Hu Yongmin, Morgenroth Eberhard, Jacquin Céline
Eawag: Swiss Federal Institute of Aquatic Science and Technology, 8600 Dübendorf, Switzerland; ETH Zürich, Institute of Environmental Engineering, 8093 Zürich, Switzerland.
Eawag: Swiss Federal Institute of Aquatic Science and Technology, 8600 Dübendorf, Switzerland; ETH Zürich, Institute of Environmental Engineering, 8093 Zürich, Switzerland.
Water Res. 2025 Jan 1;268(Pt A):122604. doi: 10.1016/j.watres.2024.122604. Epub 2024 Oct 11.

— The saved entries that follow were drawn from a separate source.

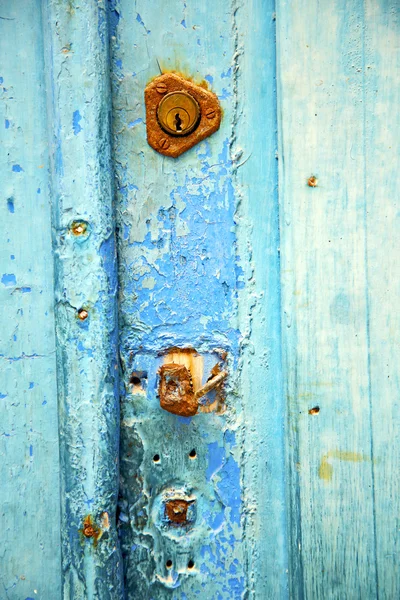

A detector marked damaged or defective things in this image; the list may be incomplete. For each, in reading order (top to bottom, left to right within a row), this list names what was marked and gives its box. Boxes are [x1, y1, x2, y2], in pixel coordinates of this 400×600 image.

rusty door lock [145, 72, 222, 158]
rusty door lock [159, 360, 228, 418]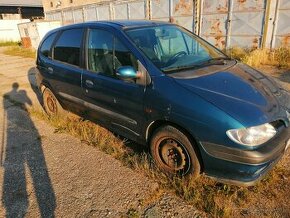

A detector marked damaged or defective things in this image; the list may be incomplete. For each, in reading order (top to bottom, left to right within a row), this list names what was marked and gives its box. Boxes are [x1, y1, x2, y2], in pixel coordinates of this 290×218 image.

rusty metal sheet [128, 0, 146, 19]
rusty metal sheet [152, 0, 170, 18]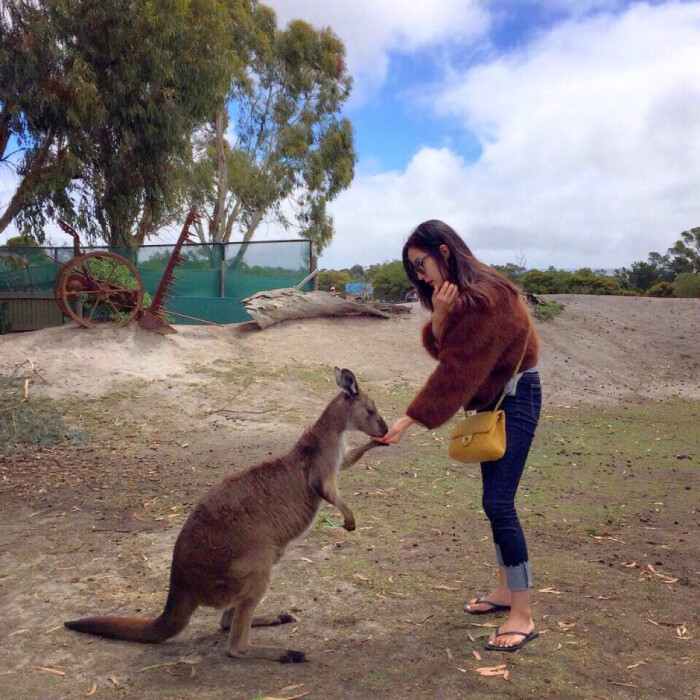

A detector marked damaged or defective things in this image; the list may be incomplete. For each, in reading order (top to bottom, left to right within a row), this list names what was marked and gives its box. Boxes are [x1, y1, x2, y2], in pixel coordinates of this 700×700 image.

rusty wagon wheel [56, 252, 144, 328]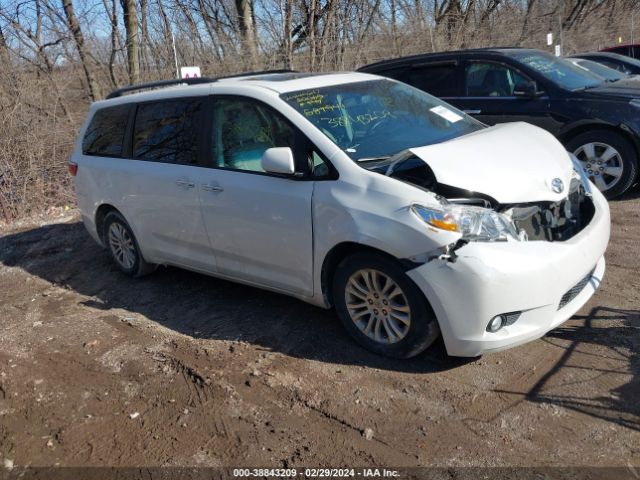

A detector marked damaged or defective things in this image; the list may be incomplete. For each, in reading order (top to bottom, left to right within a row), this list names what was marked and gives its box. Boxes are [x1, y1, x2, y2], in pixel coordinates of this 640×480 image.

crumpled hood [410, 122, 576, 202]
broken headlight [412, 203, 528, 242]
damaged bumper [404, 187, 608, 356]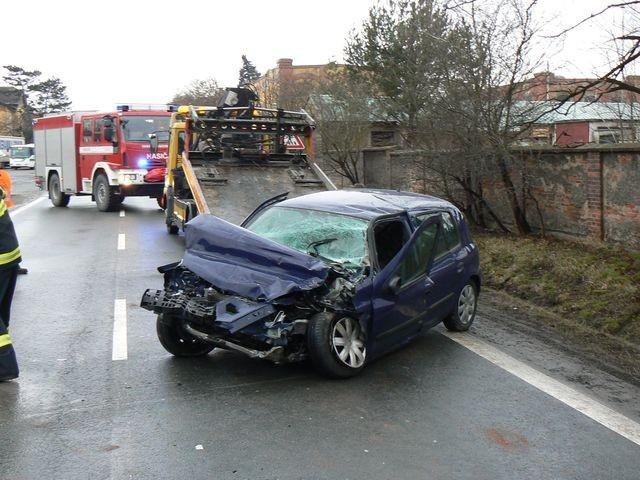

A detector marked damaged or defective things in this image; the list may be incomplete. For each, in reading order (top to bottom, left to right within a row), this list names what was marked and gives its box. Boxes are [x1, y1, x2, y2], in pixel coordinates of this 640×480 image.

crushed car hood [181, 214, 328, 300]
broken windshield [248, 204, 372, 268]
severely damaged blue car [140, 189, 480, 376]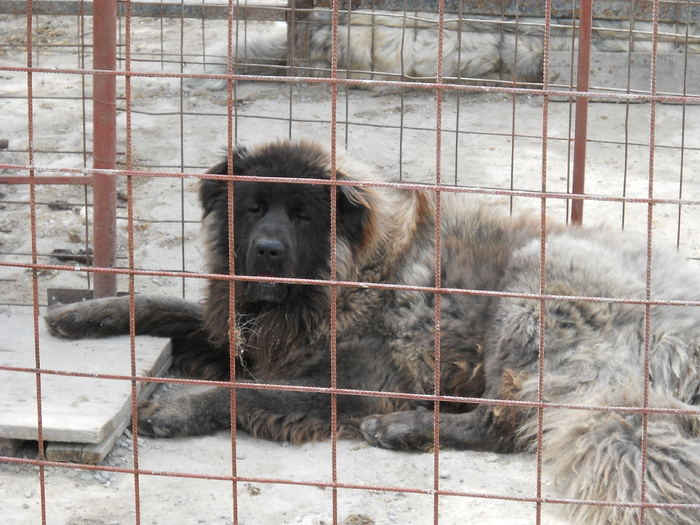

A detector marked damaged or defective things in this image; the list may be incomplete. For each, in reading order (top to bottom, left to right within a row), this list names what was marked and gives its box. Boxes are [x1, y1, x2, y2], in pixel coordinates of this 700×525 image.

rusty metal bar [92, 0, 117, 296]
rusty metal bar [568, 0, 592, 223]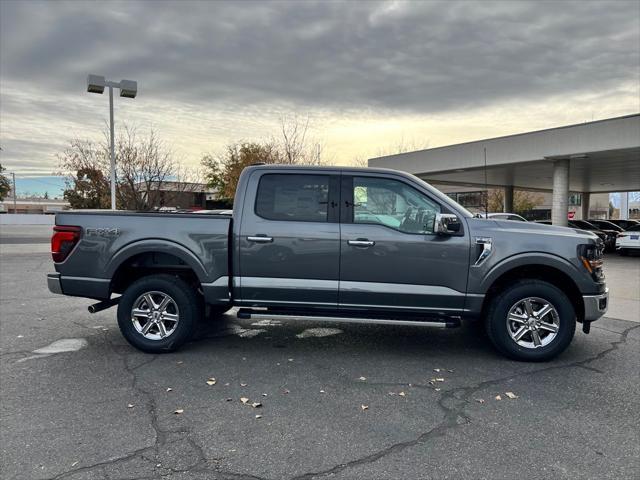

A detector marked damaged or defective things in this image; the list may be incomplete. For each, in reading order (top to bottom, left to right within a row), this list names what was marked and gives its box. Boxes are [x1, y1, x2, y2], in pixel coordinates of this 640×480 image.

A currently increasing interest in water reuse is met with the concern about water quality. Excitation-emission matrix (EEM) measurements, which are widely implemented in laboratory analysis, emerge as a promising tool for characterizing both microbial and chemical water qualities in the online monitoring of water reuse systems. However, the robustness of EEM measurements has been rarely validated in actual online monitoring campaigns where predictions are made for new samples independent of those used to establish EEM analysis models, including the popular parallel factor analysis (PARAFAC). In this study, two strategies of conducting PARAFAC were examined for the online monitoring of a greywater reuse system using two EEM datasets from two monitoring periods for model establishment and model testing respectively. With the first strategy that is commonly used in laboratory analyses, an entire EEM datasets from one period was used to establish one PARAFAC model, and the maximum fluorescence intensity (F) of a PARAFAC component was used to predict total cell count (TCC) in another period. However, under the disturbance of dissolved organic matter (DOM) fluorescence in the background, F gave unreliable predictions in model testing. To address this problem, a second and novel strategy was proposed using an EEM clustering and PARAFAC component shift mining technique. This unsupervised algorithm, named K-PARAFACs, automatically groups EEMs into K clusters and on each cluster establishes a cluster-specific PARAFAC model with distinct component shapes. With this method, multiple PARAFAC models were established on one EEM dataset, with each model representing samples with certain TCC ranges and DOM compositions. In model testing, these cluster-specific PARAFAC models served as EEM classifiers. A new sample was not characterized by F but by the cluster-specific model that best fitted the EEM signal of the sample with the least numerical error. The proposed strategy demonstrates its robustness by successfully predicting the TCC trend in test datasets. Our findings suggest that K-PARAFACs is a promising tool that enables robust qualitative monitoring of water reuse systems with background DOM variability.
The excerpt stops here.